*What is required*: Transcribe the records underneath word for word, and leave no line out.

*Input records*:
####

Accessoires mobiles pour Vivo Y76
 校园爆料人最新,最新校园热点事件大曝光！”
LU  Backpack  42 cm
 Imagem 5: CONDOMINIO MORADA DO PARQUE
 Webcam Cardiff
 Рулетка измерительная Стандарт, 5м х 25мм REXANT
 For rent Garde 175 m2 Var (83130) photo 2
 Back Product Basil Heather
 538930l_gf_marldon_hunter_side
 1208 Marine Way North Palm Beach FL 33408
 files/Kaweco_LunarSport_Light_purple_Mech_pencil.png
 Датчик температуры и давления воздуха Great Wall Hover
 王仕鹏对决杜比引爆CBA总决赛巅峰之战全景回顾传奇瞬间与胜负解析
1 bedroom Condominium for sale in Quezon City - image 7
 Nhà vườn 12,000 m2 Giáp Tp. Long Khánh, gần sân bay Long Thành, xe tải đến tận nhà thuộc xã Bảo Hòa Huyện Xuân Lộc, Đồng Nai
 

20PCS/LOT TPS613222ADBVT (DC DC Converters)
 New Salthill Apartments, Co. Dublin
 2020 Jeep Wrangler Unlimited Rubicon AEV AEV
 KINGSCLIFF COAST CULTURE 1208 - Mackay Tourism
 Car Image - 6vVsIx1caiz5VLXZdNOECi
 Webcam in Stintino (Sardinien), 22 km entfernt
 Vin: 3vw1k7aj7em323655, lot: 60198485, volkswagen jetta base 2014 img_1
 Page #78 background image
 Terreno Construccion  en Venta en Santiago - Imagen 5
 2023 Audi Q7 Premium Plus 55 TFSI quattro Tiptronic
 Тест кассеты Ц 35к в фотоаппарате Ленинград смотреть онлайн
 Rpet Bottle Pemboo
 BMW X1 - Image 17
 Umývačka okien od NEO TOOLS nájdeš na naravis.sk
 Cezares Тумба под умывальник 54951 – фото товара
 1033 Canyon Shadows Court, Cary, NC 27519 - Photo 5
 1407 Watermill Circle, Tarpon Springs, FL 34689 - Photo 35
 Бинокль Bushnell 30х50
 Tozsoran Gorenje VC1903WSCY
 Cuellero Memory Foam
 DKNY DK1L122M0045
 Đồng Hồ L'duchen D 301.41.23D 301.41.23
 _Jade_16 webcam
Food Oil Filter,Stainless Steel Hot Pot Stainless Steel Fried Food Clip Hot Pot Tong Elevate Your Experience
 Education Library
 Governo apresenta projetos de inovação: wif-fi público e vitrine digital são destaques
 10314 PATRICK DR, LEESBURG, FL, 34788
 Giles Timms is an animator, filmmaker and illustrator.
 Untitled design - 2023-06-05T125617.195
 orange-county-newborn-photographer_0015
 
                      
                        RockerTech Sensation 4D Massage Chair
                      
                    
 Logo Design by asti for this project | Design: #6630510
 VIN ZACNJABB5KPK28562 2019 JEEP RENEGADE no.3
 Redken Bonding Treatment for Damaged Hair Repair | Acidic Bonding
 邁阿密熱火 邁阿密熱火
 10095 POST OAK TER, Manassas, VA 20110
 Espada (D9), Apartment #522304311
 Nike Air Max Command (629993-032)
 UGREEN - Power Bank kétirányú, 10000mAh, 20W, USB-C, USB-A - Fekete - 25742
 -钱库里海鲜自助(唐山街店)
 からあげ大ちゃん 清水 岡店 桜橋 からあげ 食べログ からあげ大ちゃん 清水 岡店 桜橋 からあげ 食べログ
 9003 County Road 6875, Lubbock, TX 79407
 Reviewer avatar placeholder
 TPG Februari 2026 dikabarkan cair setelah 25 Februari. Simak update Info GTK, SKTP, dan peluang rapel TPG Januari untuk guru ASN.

####

*Solution for this problem*:
Accessoires mobiles pour Vivo Y76
 校园爆料人最新,最新校园热点事件大曝光！”
LU  Backpack  42 cm
 Imagem 5: CONDOMINIO MORADA DO PARQUE
 Webcam Cardiff
 Рулетка измерительная Стандарт, 5м х 25мм REXANT
 For rent Garde 175 m2 Var (83130) photo 2
 Back Product Basil Heather
 538930l_gf_marldon_hunter_side
 1208 Marine Way North Palm Beach FL 33408
 files/Kaweco_LunarSport_Light_purple_Mech_pencil.png
 Датчик температуры и давления воздуха Great Wall Hover
 王仕鹏对决杜比引爆CBA总决赛巅峰之战全景回顾传奇瞬间与胜负解析
1 bedroom Condominium for sale in Quezon City - image 7
 Nhà vườn 12,000 m2 Giáp Tp. Long Khánh, gần sân bay Long Thành, xe tải đến tận nhà thuộc xã Bảo Hòa Huyện Xuân Lộc, Đồng Nai
 

20PCS/LOT TPS613222ADBVT (DC DC Converters)
 New Salthill Apartments, Co. Dublin
 2020 Jeep Wrangler Unlimited Rubicon AEV AEV
 KINGSCLIFF COAST CULTURE 1208 - Mackay Tourism
 Car Image - 6vVsIx1caiz5VLXZdNOECi
 Webcam in Stintino (Sardinien), 22 km entfernt
 Vin: 3vw1k7aj7em323655, lot: 60198485, volkswagen jetta base 2014 img_1
 Page #78 background image
 Terreno Construccion  en Venta en Santiago - Imagen 5
 2023 Audi Q7 Premium Plus 55 TFSI quattro Tiptronic
 Тест кассеты Ц 35к в фотоаппарате Ленинград смотреть онлайн
 Rpet Bottle Pemboo
 BMW X1 - Image 17
 Umývačka okien od NEO TOOLS nájdeš na naravis.sk
 Cezares Тумба под умывальник 54951 – фото товара
 1033 Canyon Shadows Court, Cary, NC 27519 - Photo 5
 1407 Watermill Circle, Tarpon Springs, FL 34689 - Photo 35
 Бинокль Bushnell 30х50
 Tozsoran Gorenje VC1903WSCY
 Cuellero Memory Foam
 DKNY DK1L122M0045
 Đồng Hồ L'duchen D 301.41.23D 301.41.23
 _Jade_16 webcam
Food Oil Filter,Stainless Steel Hot Pot Stainless Steel Fried Food Clip Hot Pot Tong Elevate Your Experience
 Education Library
 Governo apresenta projetos de inovação: wif-fi público e vitrine digital são destaques
 10314 PATRICK DR, LEESBURG, FL, 34788
 Giles Timms is an animator, filmmaker and illustrator.
 Untitled design - 2023-06-05T125617.195
 orange-county-newborn-photographer_0015
 
                      
                        RockerTech Sensation 4D Massage Chair
                      
                    
 Logo Design by asti for this project | Design: #6630510
 VIN ZACNJABB5KPK28562 2019 JEEP RENEGADE no.3
 Redken Bonding Treatment for Damaged Hair Repair | Acidic Bonding
 邁阿密熱火 邁阿密熱火
 10095 POST OAK TER, Manassas, VA 20110
 Espada (D9), Apartment #522304311
 Nike Air Max Command (629993-032)
 UGREEN - Power Bank kétirányú, 10000mAh, 20W, USB-C, USB-A - Fekete - 25742
 -钱库里海鲜自助(唐山街店)
 からあげ大ちゃん 清水 岡店 桜橋 からあげ 食べログ からあげ大ちゃん 清水 岡店 桜橋 からあげ 食べログ
 9003 County Road 6875, Lubbock, TX 79407
 Reviewer avatar placeholder
 TPG Februari 2026 dikabarkan cair setelah 25 Februari. Simak update Info GTK, SKTP, dan peluang rapel TPG Januari untuk guru ASN.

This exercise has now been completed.